Era desapegado, hoje sei. Poderia ter ficado em lugar melhor enquanto providenciava nova casa, mas optou viver em um ambiente demasiadamente precário. Será que assim o fez por que queria um lar? Entrar para a dinâmica de uma família e sentir-se parte de um todo maior? Ele vestia roupas simples, comia coisas simples, frequentava lugares simples, era uma pessoa simples, enfim. É inevitável que eu ressignifique esses momentos e tire disso caras lições, como a de que simplicidade vale.
Uma vida simples não é desinteressante ou inibida de emoções. Nossas conjugações mentais são restritas e não enxergamos que há felicidade fora de riquezas exponenciais, belezas estonteantes, corações alquebrados por vulcânicas paixões ou de vidas sociais retumbantes. Lições de simplicidade não são épicas. Simplicidade é uma tímida forma de olhar, uma possibilidade que pode atender ou não. Se o mundo fosse laboratório de pessoas simples, que simplesmente são e se dão umas às outras, haveria de ter mais generosidade e menos exigência, haveria de ser um lugar melhor pois as relações seriam mais puras. O monge zen budista Jorge Mello disse que a simplicidade não é o oposto da complexidade, entretanto irmã. É uma característica do viver. É o antídoto e o oposto da complicação. É mais do que menos consumo ou menos preocupações. Uma vida simples é uma vida leve.
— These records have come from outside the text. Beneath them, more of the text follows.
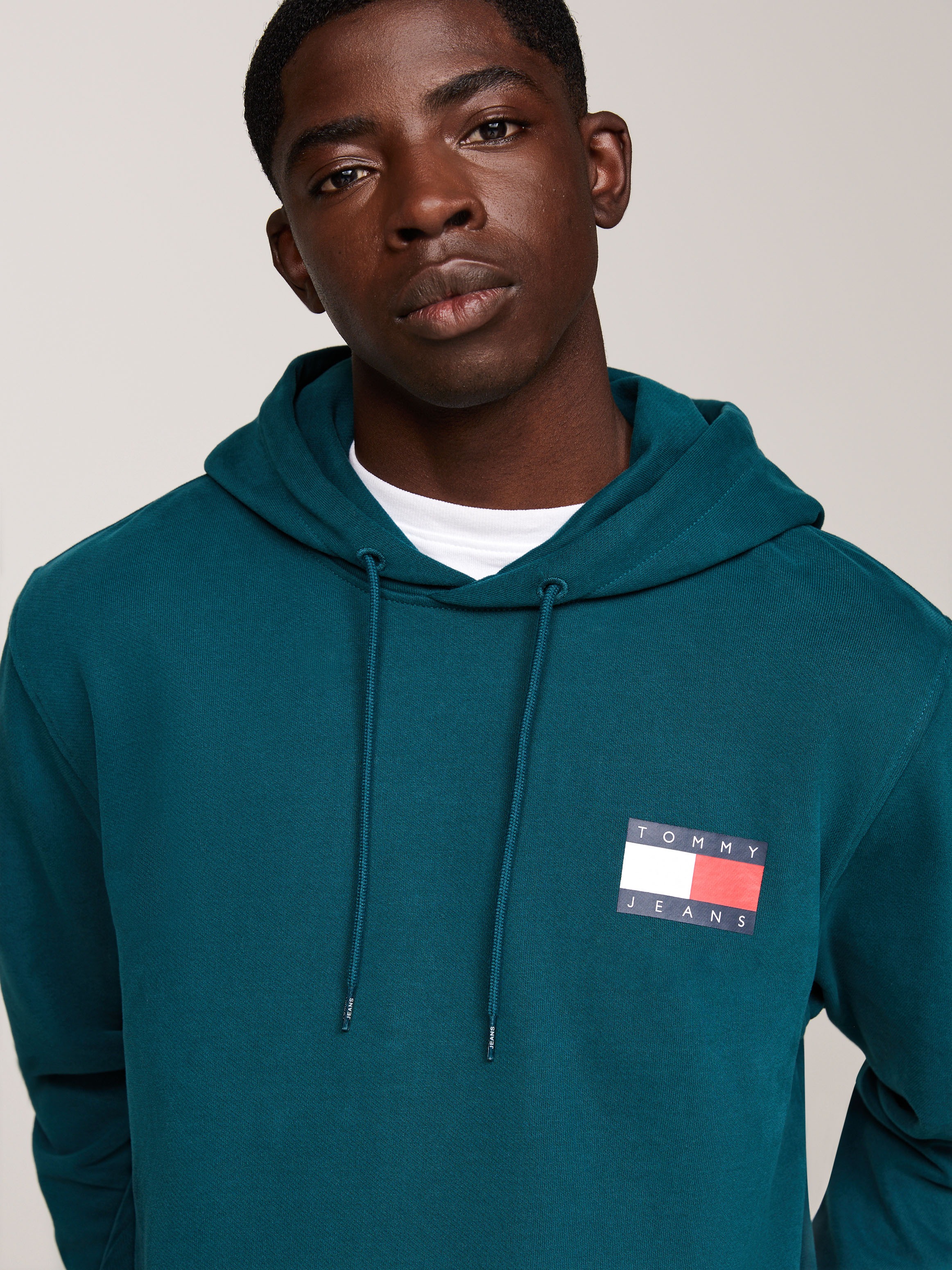 Tommy Jeans Sweatshirt "TJM REG ESSENTIAL FLAG HOOD EXT", mit bedruckten Ma günstig online kaufen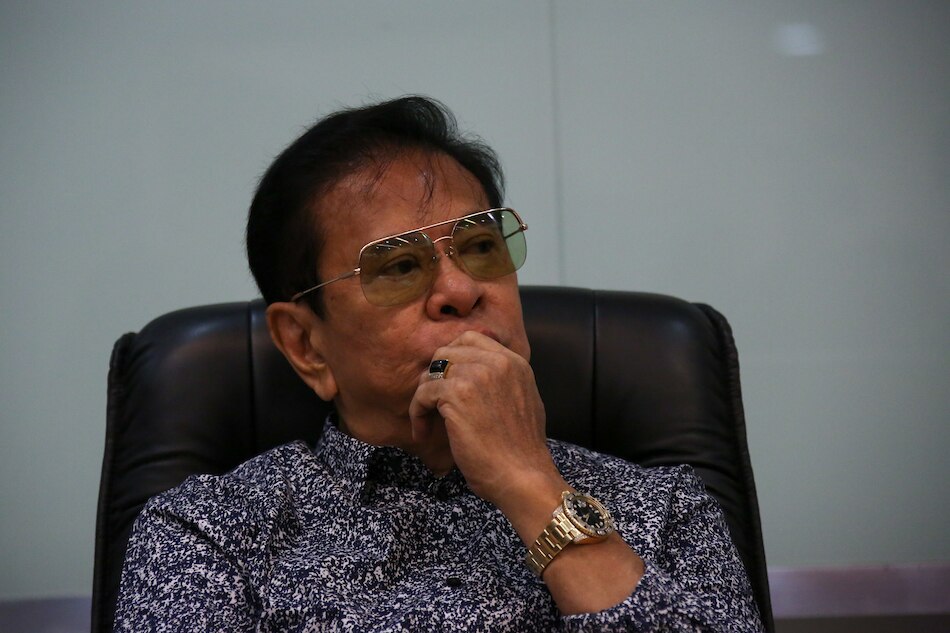 Chavit 'scandal photo' making rounds online | ABS-CBN News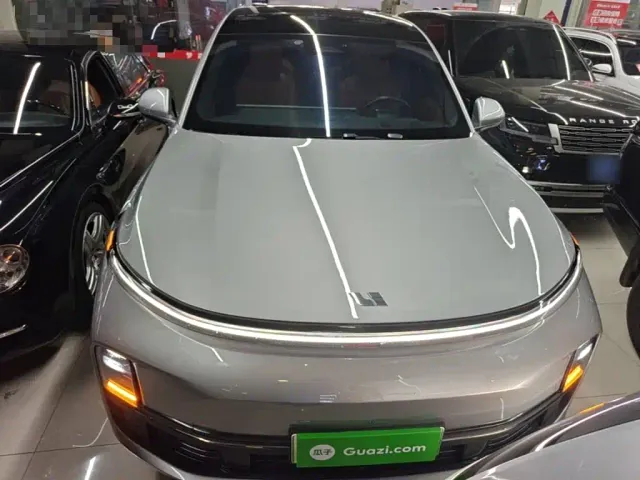 Li Auto L8 — Фото автомобиля 2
Joãozinho poderia ter sumido da minha mente, tão curta foi sua estadia. Quando saiu lá de casa senti muita falta dele. Com o tempo essa ausência trouxe a saudade das boas lembranças. Poucas coisas são tocantes como pessoas simples e felizes. Ele era simples, encontrava um sentido de vida inexplicável na conexão com a natureza e dava o melhor de si ao próximo. Era excêntrico aos padrões do mundo e não aparentava se importar com isso. Admirava-o, como até os dias atuais admiro pessoas autênticas como ele. Devia saber que a vida humana é uma poeirinha no cosmos, desconfio. Enquanto adulta imagino as dores que suportava por ser único em uma sociedade de padrões.
Como fez diferença ter em minha vida alguém que embora graúdo não era dado a ostentação, que foi capaz de ver minar seus bens e não perder a fina essência, de ver brilhar em mim qualidades que outros não perceberam. Sem um olhar peculiar ele teria conseguido? Desde outrora até recentemente nossa existência teve de se afinar com padrões mais ou menos gerais, frívolos e consumistas. Se vivemos diferente pagaremos por diferir. Hoje amigos perguntam por que não estou nas baladas, por que não quero carro ou casa grande. Meus sonhos hoje têm a singularidade do meu coração. Joãozinho e o sol ensinaram-me sobre simplicidade. Agradecer ao sol não é loucura, é saber dar importância ao que não é visível aos demais. O sol é a estrela real, afinal, se ele apagar sequer poeira cósmica seremos.